Weekly Natural Gas Inventories

Source: EIA, Veolia

 

Energy Market Update

  • NYMEX prompt month gas continues to look soft with the May 2026 close of $2.56 /MMBtu, a sharp decline from February’s settlement of $7.46 /MMBtu. The decline in the cost of gas is not just a near term phenomenon; the 2027 strip is down 8% over the past six months while the 2028 strip has remained relatively flat over the same time period. Most contracts in this horizon are now trading at multi-year lows. 
  • Power markets have been far more stubborn and are reluctant to follow gas down. A combination of factors such as drought, tighter reserve margins, and even the conflict in Iran have given traders reasons to hold out. 
  • Thus, a tale of two citygates has emerged as the US energy market looks very different from the eyes of gas buyers and power buyers (see chart below). While it remains true that regional gas and power are still largely correlated, the conventional wisdom that “as goes gas, so goes power” seems to be under challenge. Each region has its own list of causal factors as to why power prices remain higher, despite falling gas costs.
    • In PJM, rates are buoyed by thin reserve margins and higher likelihood of scarcity pricing in both summer and winter. It’s hard to ignore that this is not “the data center” effect, be it real or perceived. The largest price separations are present in areas with some of the largest datacenter growth. 
    • In New England, price separation is attributed to drought conditions in Canada and its implication of lower expected hydroelectric imports. Another significant driver is the rising cost of LNG imports due to the Iran conflict–yes, New England is uniquely positioned as the one US load center that imports LNG during very cold stretches in the winter. Volumes are relatively small, but they are priced at European spot rates, which have become quite expensive. This doesn’t quite explain why New York is showing very similar trading patterns. 
  • All said, these trends may be grounded in some logic, but there will come a time for reckoning in the forward market if spot prices continue to reflect steeply discounted gas prices and fail to converge with frothy expectations.  

 A Tale of Two Citygates 

 Source: CME Group and Argus Forwards 

  • On April 28, 2026, the Federal Energy Regulatory Commission (FERC) approved a settlement establishing a $325/MW-day price cap and a $175/MW-day price floor for the PJM capacity market. Those guardrails will be in place for the next 2 auctions: 
    • The Base Residual Auction for the 2028/2029 Delivery Year (closing July 7, 2026) 
    • The Base Residual Auction for the 2029/2030 Delivery Year (closing December 15, 2026)
  • Earlier this week, PJM proposed accelerating its 2029/2030 backstop capacity auction by moving the phase 2 “clean-up” auction from March 2027 to September 2026, allowing the entire process to finish this year. Some analysts believe this could reduce PJM’s 14.9 GW bilateral procurement target.
  • The Champlain Hudson Power Express (CHPE) transmission line entered commercial operations on May 13. The 1,250 MW line will export hydropower from Canada to New York City and provides a critical reliability asset in the wake of significant plant retirements in the state.  
  • Brent oil is up to 109.26 a barrel, an increase of around 85% from last year. With no apparent end to the stalemate around the Strait of Hormuz, many analysts anticipate a price rally over the next month…fill up while it remains just a bit expensive. 
  • Gas storage remains elevated at 2,391 Bcf as of the latest EIA storage report. This represents a net increase of 101 Bcf from the previous week. Stocks are 33 Bcf higher than last year at this time and 149 Bcf above the five-year average. At 2,391 Bcf, total working gas is within the five-year historical range.  
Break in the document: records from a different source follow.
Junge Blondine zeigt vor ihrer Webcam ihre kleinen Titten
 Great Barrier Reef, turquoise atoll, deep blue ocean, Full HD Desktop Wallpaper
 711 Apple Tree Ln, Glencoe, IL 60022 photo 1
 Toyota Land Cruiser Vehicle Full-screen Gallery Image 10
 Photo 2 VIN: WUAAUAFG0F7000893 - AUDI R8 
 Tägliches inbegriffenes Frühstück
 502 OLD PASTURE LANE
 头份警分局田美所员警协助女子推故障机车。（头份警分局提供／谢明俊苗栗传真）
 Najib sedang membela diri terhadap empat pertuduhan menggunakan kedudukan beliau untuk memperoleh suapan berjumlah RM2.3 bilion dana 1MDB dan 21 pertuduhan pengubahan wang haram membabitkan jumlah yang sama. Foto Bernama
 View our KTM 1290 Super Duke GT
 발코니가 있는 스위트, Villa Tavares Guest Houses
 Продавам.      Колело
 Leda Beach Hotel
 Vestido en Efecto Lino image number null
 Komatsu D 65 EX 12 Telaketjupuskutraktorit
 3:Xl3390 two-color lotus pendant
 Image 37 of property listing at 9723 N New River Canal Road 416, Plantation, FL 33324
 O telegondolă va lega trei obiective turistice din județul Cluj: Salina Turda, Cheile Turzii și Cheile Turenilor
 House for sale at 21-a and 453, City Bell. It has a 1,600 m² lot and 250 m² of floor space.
 National “Quick Hit” Stories: 

  • NextEra Energy will buy Dominion Energy in an all-stock deal valued at nearly $67 billion. Dominion powers the world’s largest data center. The acquisition will create the largest regulated electricity utility globally with a market cap of $249 billion. 
  • Last week a Utah county commissioner approved a data center project known as Stratos in Box Elder county in north-western Utah. The facility will require about 9GW of power, which is more than the entire state of Utah currently consumes and will have a 40,000 acre footprint. This proposal is sparking outrage as Utah has already been experiencing drought conditions and the data center will require water.
  • MISO's most recent Planning Resource Auction (PRA) resulted in lower capacity prices for the 2026-27 delivery year, with annualized prices falling to $116 - $126/MW-day from $212 - $217/MW-day last year. The decline was driven largely by a 4% increase in cleared capacity, with solar accounting for more than half of new additions—up 59% YoY.  
  • A major refund for New England ratepayers is on the horizon following FERC’s recent decision to cut the allowed return on equity (ROE) for transmission owners and refund $1.5B in transmission charges dating back to 2011. The decision is estimated to save NE customers $100 million annually going forward, if and when it gets through a barrage of appeals. 
  • ISONE has proposed the first update to its DASI program, an ancillary service initiative launched a year ago that has so far exceeded cost estimates by about 700%, or $800 million. The reforms, which primarily focus around lowering the procurement requirement by appropriately accounting for real-time generation from renewables, could reasonably be in place by the Fall after further discussion at ISO and subsequent FERC signoff. 
  • PJM is proposing major changes to its capacity market to address rising electricity demand, especially from data centers, and unsustainable price volatility. The proposal outlines three possible frameworks: improving the existing capacity market with longer-term contracts, rationing reliability during shortages, or shifting toward energy & ancillary-based markets. The stakeholder discussions through 2026 will develop consensus on which reforms to implement. 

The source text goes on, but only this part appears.